No, the Jets coach doesn't regret saving all three of his timeouts during the Patriots' final touchdown drive.
With 5:32 remaining, Patriots quarterback Tom Brady threw a 4-yard pass over the middle to Rob Gronkowski, followed by a no-huddle pass to Aaron Dobson for 7 yards. The Patriots went no-huddle again on the next play and Brady hit Danny Amendola on a 13-yard completion.
The passes came in rapid succession. And with 3:44 on the clock, Brady found another open target. On first-and-10 from the Jets' 44, Julian Edelman hauled in an 8-yard catch to put New England at the Jets' 36.
"It was second-and-2," Bowles said on a conference call with reporters Monday. "They had just got a first down. You can't call a timeout on a first down and if we got them at about [second-and-]4 or 3 . . . we would have called the timeout. But at second-and-2, had they got the first down, we'd have wasted one then."
Bowles was later asked about his timeout strategy during his weekly radio spot on the "Michael Kay Show."
"If we got them to second-and-long, that's one thing," the coach said on air. "But second-and-short and they get the first down, if we use our timeouts, we don't even get a chance to kick a field goal or onside kick. We were waiting for the right situation to try to call them but it's hard to call them on first-and-10 and second-and-short."
Bowles noted that he has confidence in his defense, but the unit failed to stop Brady on the previous completions and "it's not like we were trying to stop the run, we were trying to stop a pass," the coach said, "and with the people they had in there, they had, like, four wideouts and one tight end. So we hadn't stopped them the first two or three times, so we were trying to stop them on second-and-short and get us to third down, we would have called one. But either way, it's hindsight. I don't second-guess that."

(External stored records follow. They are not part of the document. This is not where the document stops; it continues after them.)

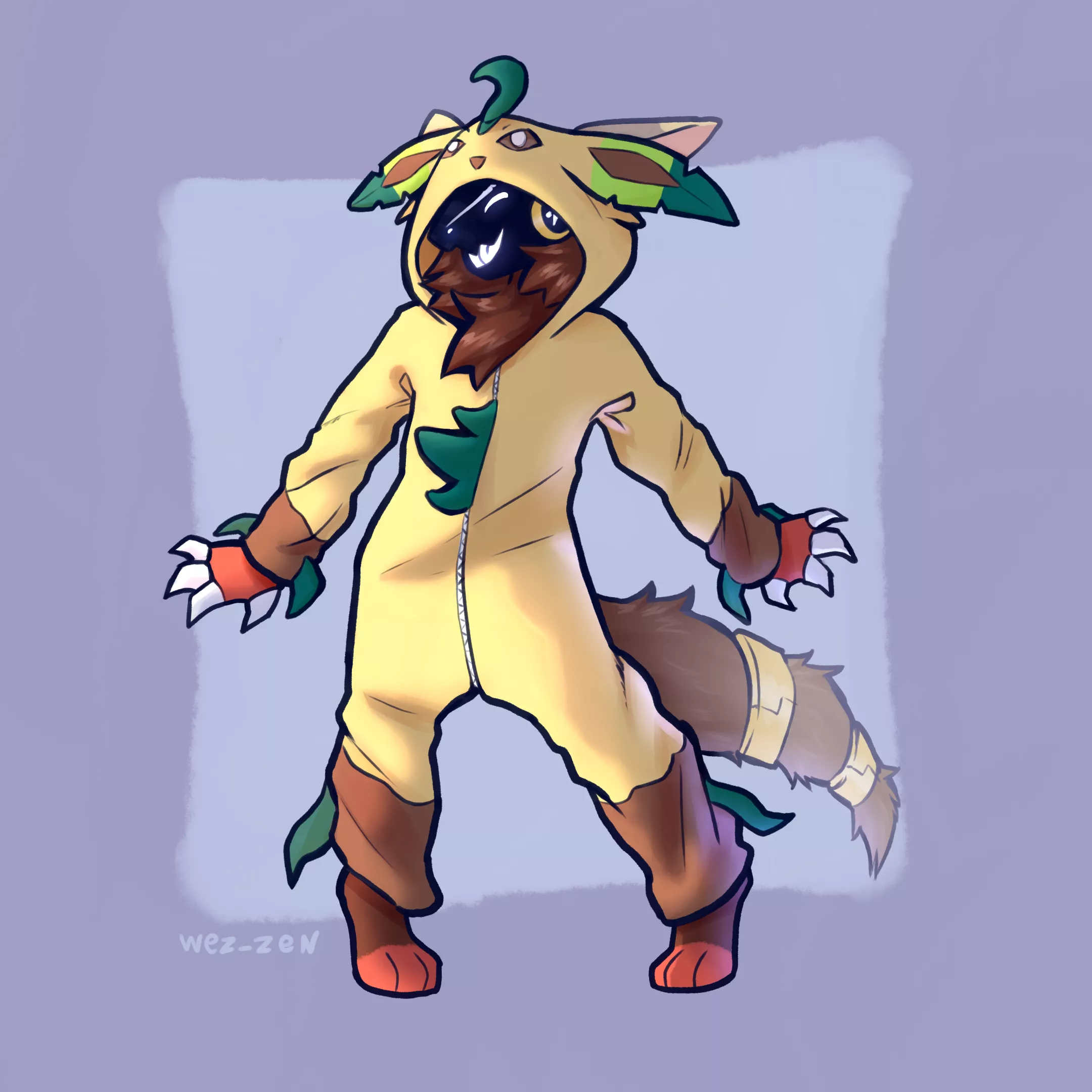 One of the new ych Im doing :3, what do you guys think?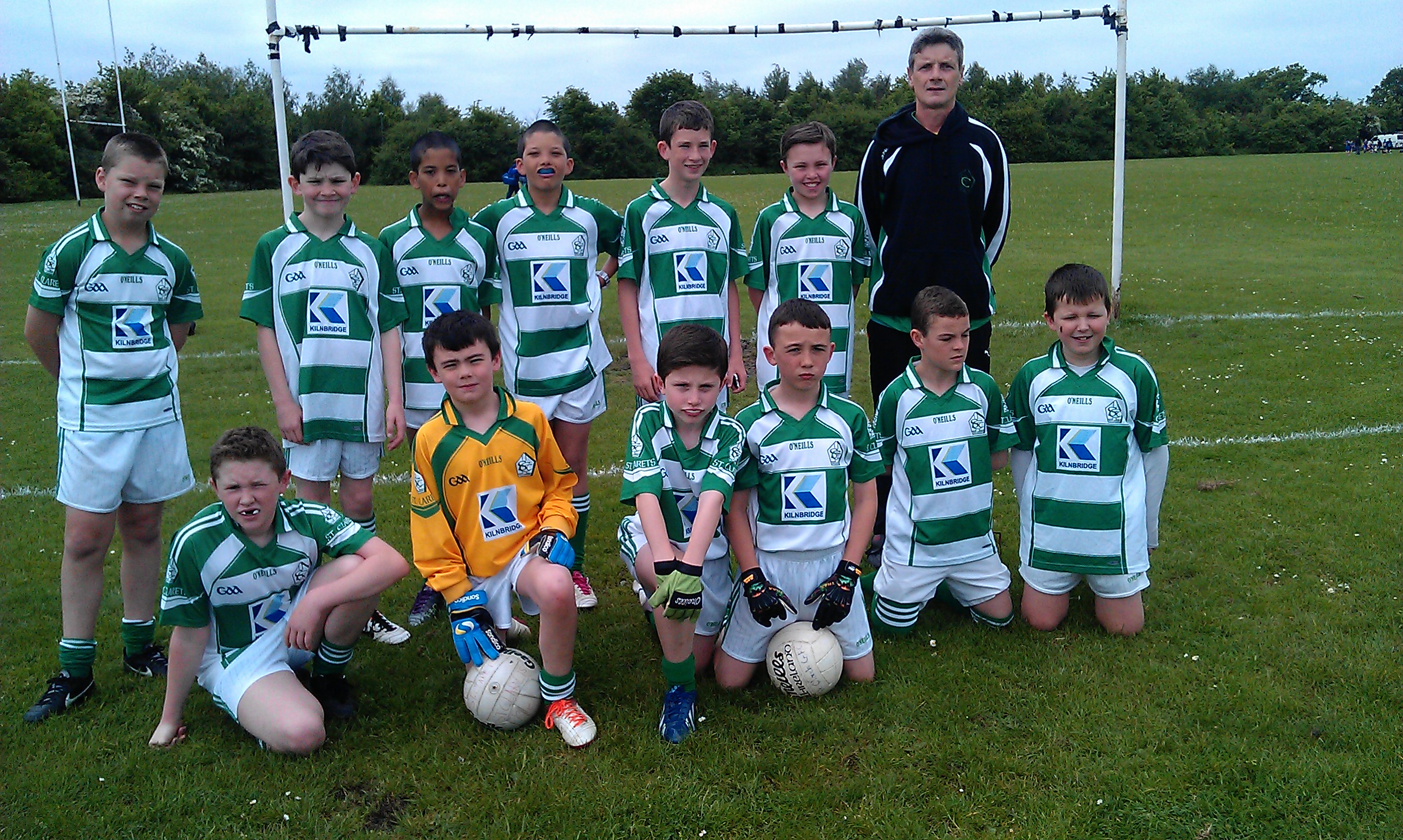St Clarets Under 12 @ St Kiernans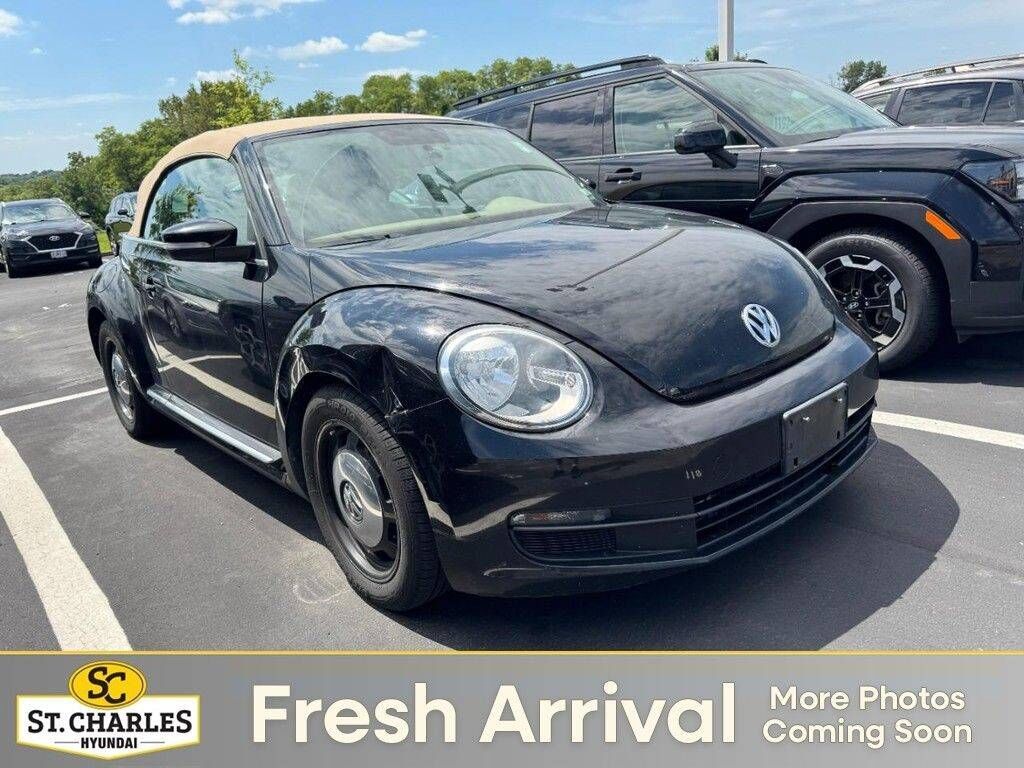 2014 VOLKSWAGEN Beetle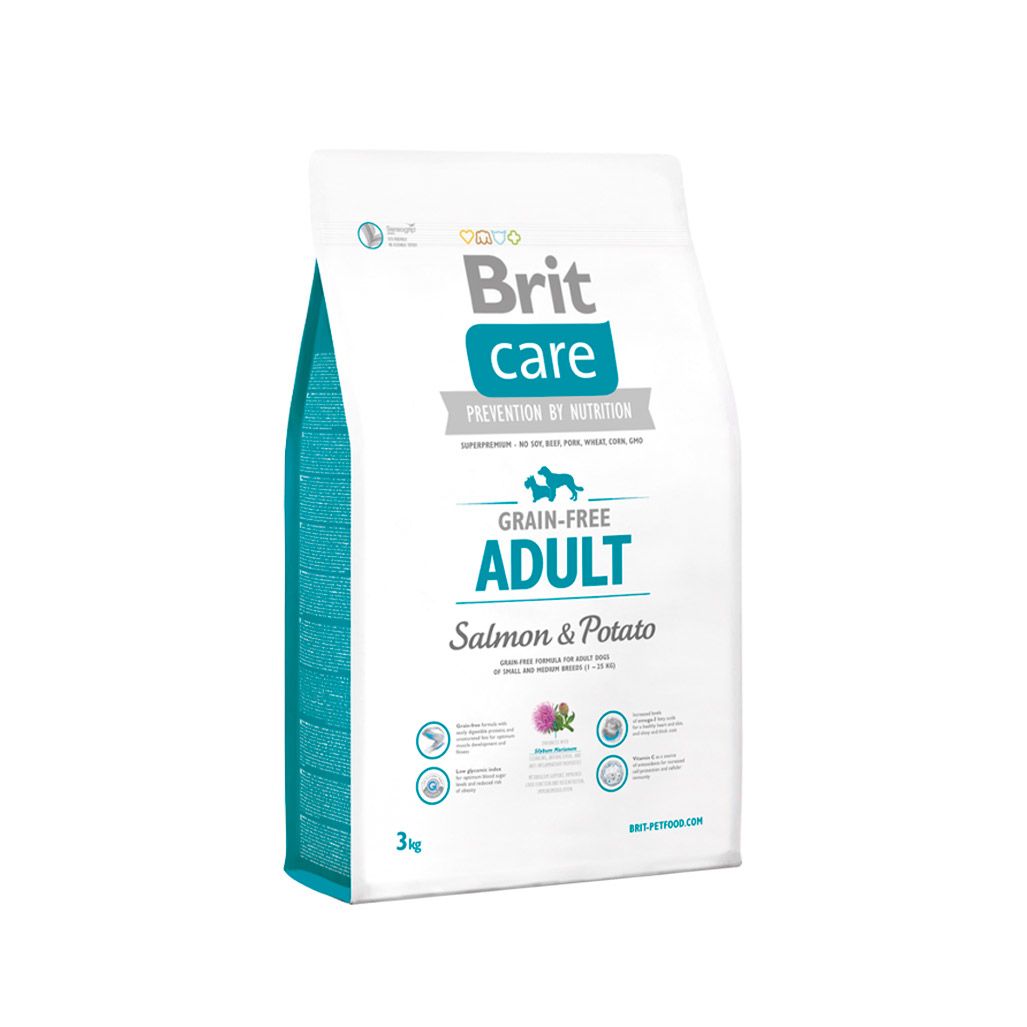 Brit Care Grain Free Adult Salmon Brit Care Grain Free Adult Salmon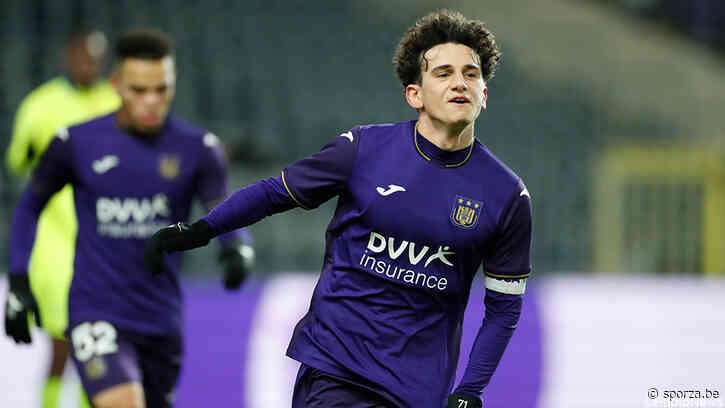 Wintertransfers 1A: Anderlecht breekt contract van belofte Leoni open - sporza.be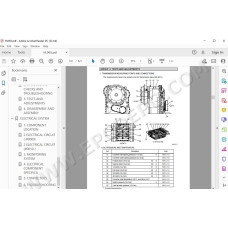 Hyundai Wheel Loader HL960 HL960A HL960HD HL965 service manual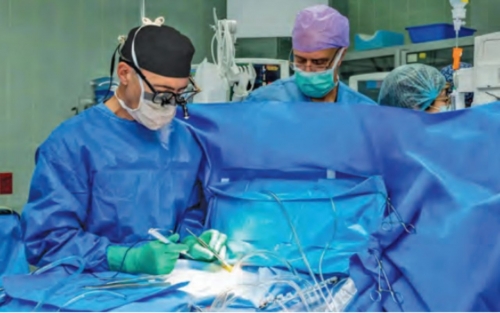 One Donor Heart Helps Save Two Children in Landmark Saudi Procedure One Donor Heart Helps Save Two Children in Landmark Saudi Procedure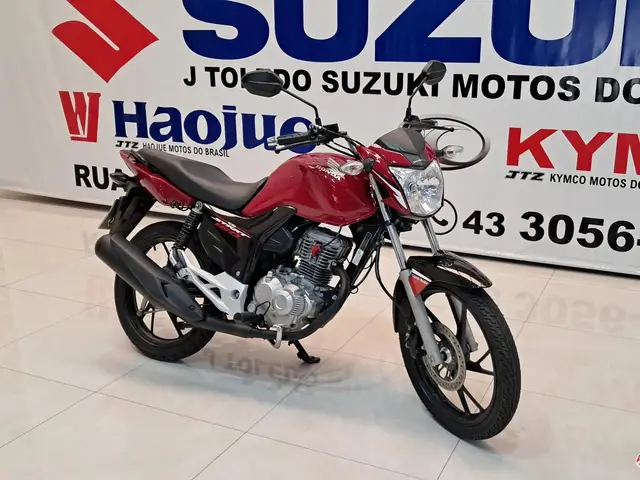 Moto Honda CG 160 2018 Start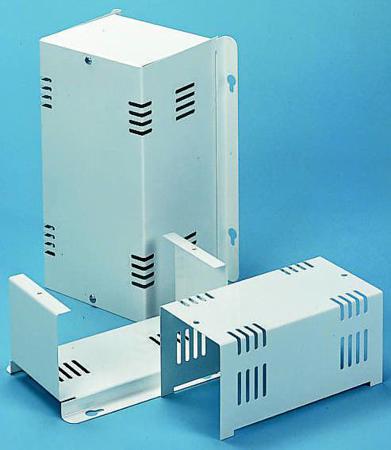 232-147 Zinc Plated Steel Steel Case, White, 500 x 180 x 130mm
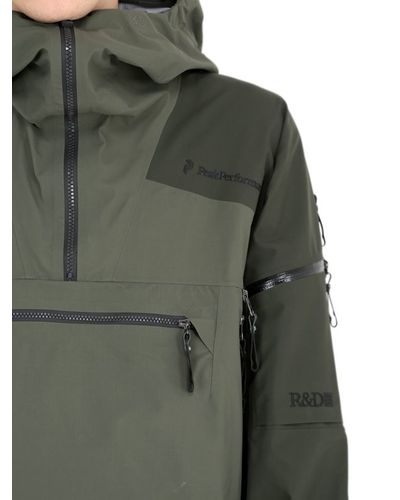 peak performance military jacket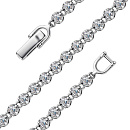 Браслет золотой 54642-200 | Браслет золотой 54642-200 купить по цене 380051 руб. в ювелирном магазине ⭐️ «Золотая Подкова»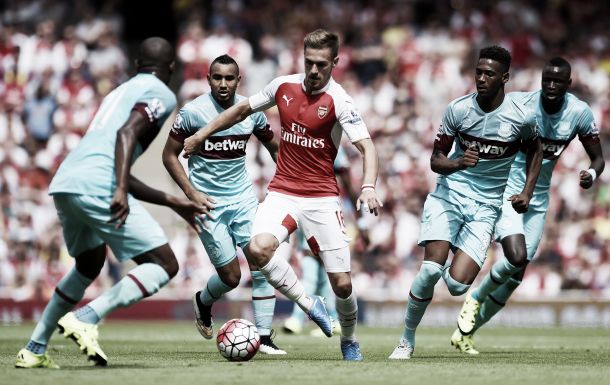 Should Aaron Ramsey be dropped for Arsenal's trip to Crystal Palace?
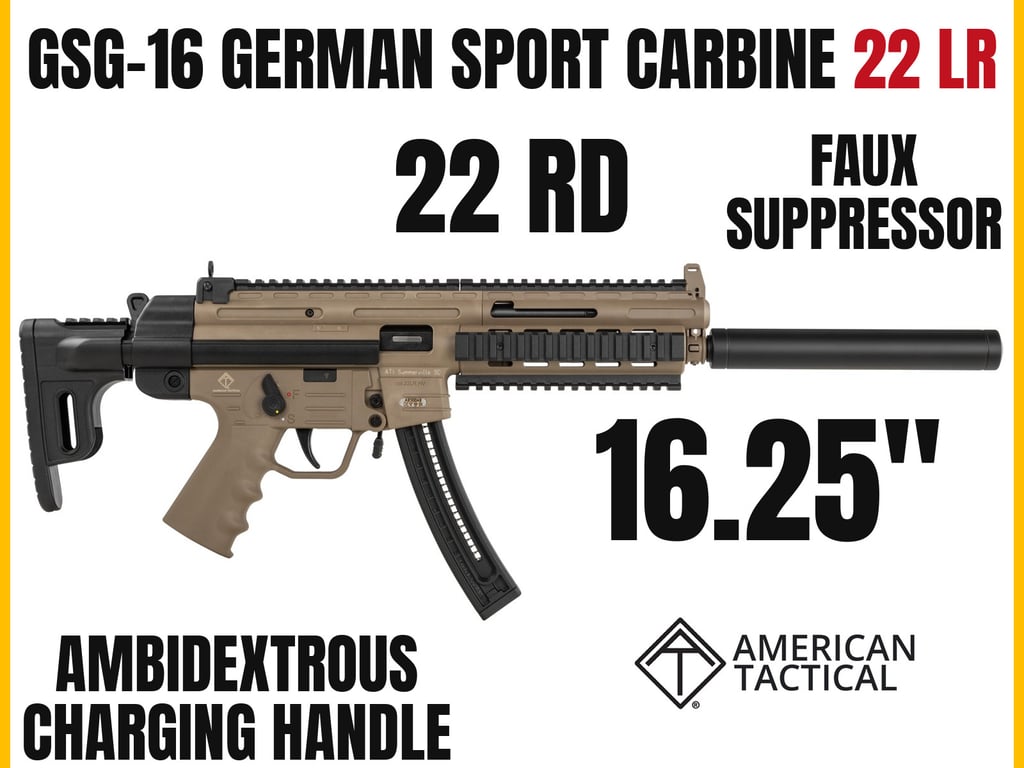 American GSG-16 Carbine-img-0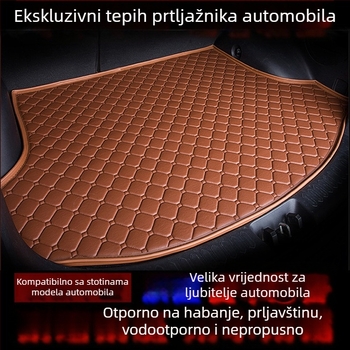 Kožni prostir za prtljažnik za posebne automobile - prilagodba dostupna, privatna oznaka dopuštena, prilagođen stil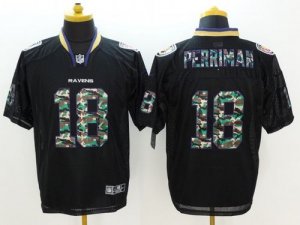 Jerseys Factory Cheap Nike Ravens #18 Breshad Perriman Men's Sti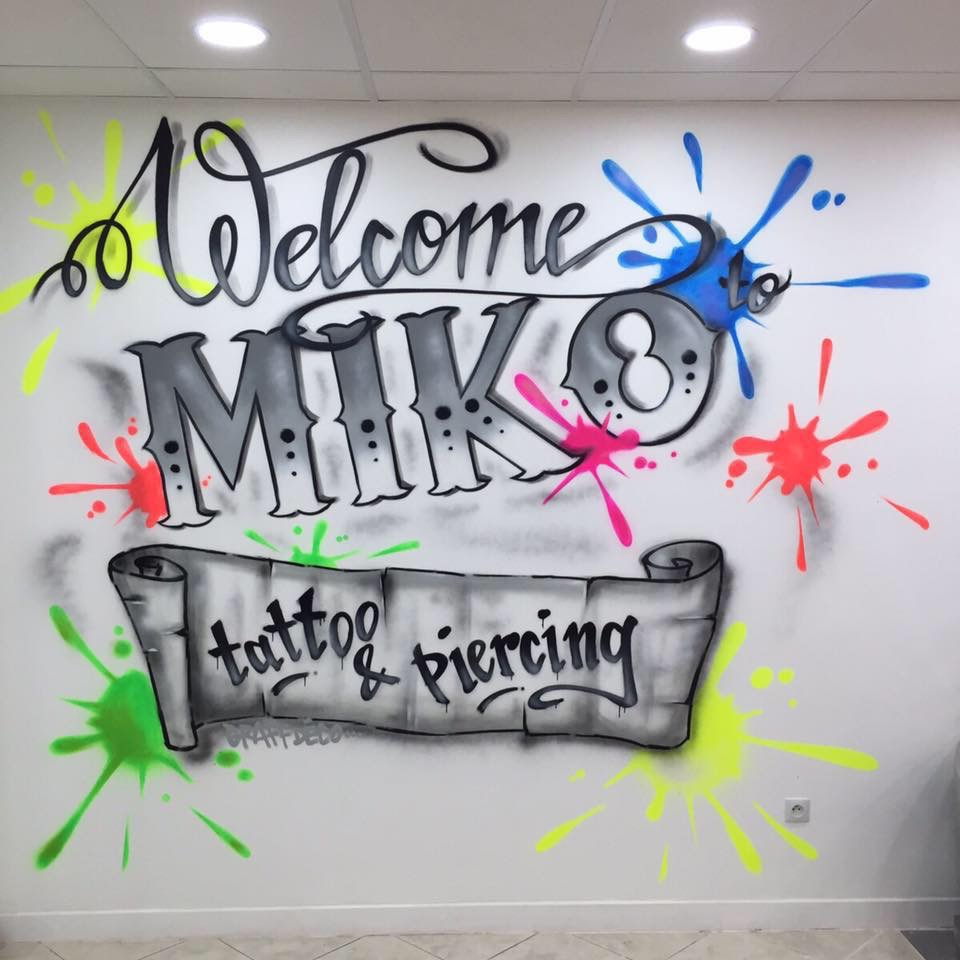 Logo Miko Piercing & Tattoo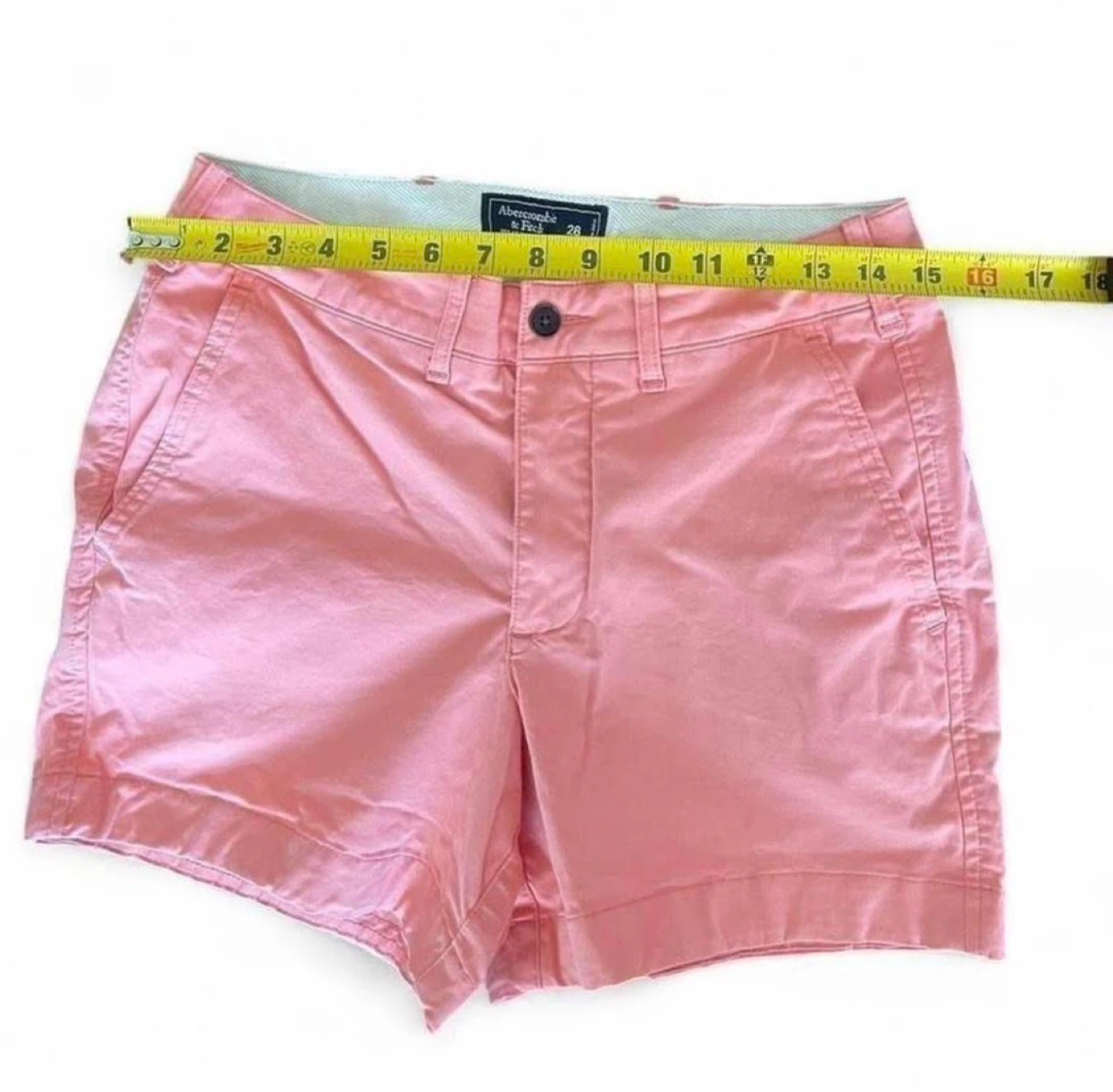 y2k pink abercrombie & fitch shorts - photo 3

And neither do his players.
"That's above my pay grade," quarterback Ryan Fitzpatrick said when asked about Bowles' decision not to call timeout. "We're out there to play and those are all Coach's decisions and we're going to stand behind him 100 percent with that."
Said Darrelle Revis: "I don't know if a timeout should have been called or not, that's Coach's call. He has tough decisions . . . With the game plan, we felt very confident coming into the game. These games that come down to the wire, come down to making a play. Down the stretch they made a couple more plays than we did."